Despite being an otome with an impressive amount of endings (about 3-4 per character,) decisions are few and far between. You’ll be spending most of your time reading text, with each chapter having 1-3 decisions to make that either move the story along or raise the affection level of a certain character. You can check these levels at any time by opening up the menu, which is a nice feature, especially if you’re looking to play a certain route.
Moment of truth, I played Kunitaka’s route first, because I was immediately attached to his character. This was a very fortunate choice for me, because I came to find out later that if I had tried to do Ohtaro’s (my other character of choice) route first, I would have gotten the bad ending no matter what options I chose. This is actually an issue with both Ohtaro and Tomonari; you have to complete one of Kunitaka, Kinji, Yoichi, and Genjuro’s routes before you can navigate to Tomonari’s good ending, and you have to complete a route from every other character to get Ohtaro’s good ending. Considering Tomonari is the first character you meet, it’s a very strange choice to lock his good ending behind a completion wall.
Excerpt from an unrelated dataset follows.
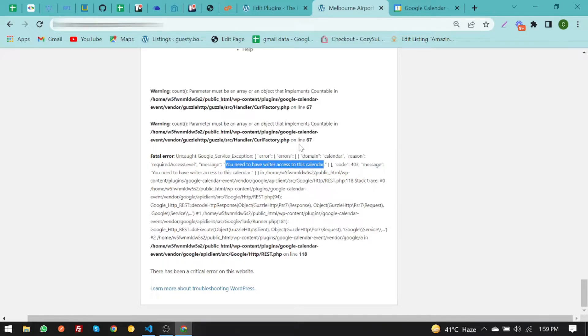Hey what's up guys, in today's video I'm going to show how you can fix the 'you need to have write access to this calendar' error while creating an event in PHP. So let's start.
As someone who enjoys historical fiction, I think the story of Winter’s Wish is interesting. It has a great glossary feature that defines important historical and cultural terms. It brings up a lot of fascinating concepts, such as Threads, Vessels, Formfolk, and other supernatural phenomena, and that helps tie together the story’s themes of loneliness, the pain of being othered, the connection between the animate and inanimate, and what truly makes a person human, and it takes the time to establish all of this in the world.
The problem is that it drags.
It took me nearly eight hours to make it through the first route. This isn’t because I didn’t like the story; it was because it tells so much and shows so little. The first chapter is all exposition for the story, and there’s nothing to break up the monotony of it, so I found myself putting it down constantly. Even when I made it to the chapters where I could make decisions, I still had to sit through so much to get to each of the few decision points. It would have been nice to see a bit more opportunity to choose dialogue (or literally anything else); this usually helps the “telling, not showing” issue otome novels run into from time to time.
Winter’s Wish: Spirits of Edo has a lot going for it in terms of visuals and worldbuilding, but often stumbles with its otome elements and storytelling. With four endings effectively locked until you’ve played four to five routes (possibly for characters you don’t care about,) a strange lack of decision points, and a story that feels like it’s hours upon hours long for just one chapter, this visual novel feels more like a chore than a treat, no matter how pretty the boys are. If you don’t mind all of that in order to get to a pretty standard historical romance, this might just be the tale for you. Otherwise, this is one that probably doesn’t need to take up precious library space.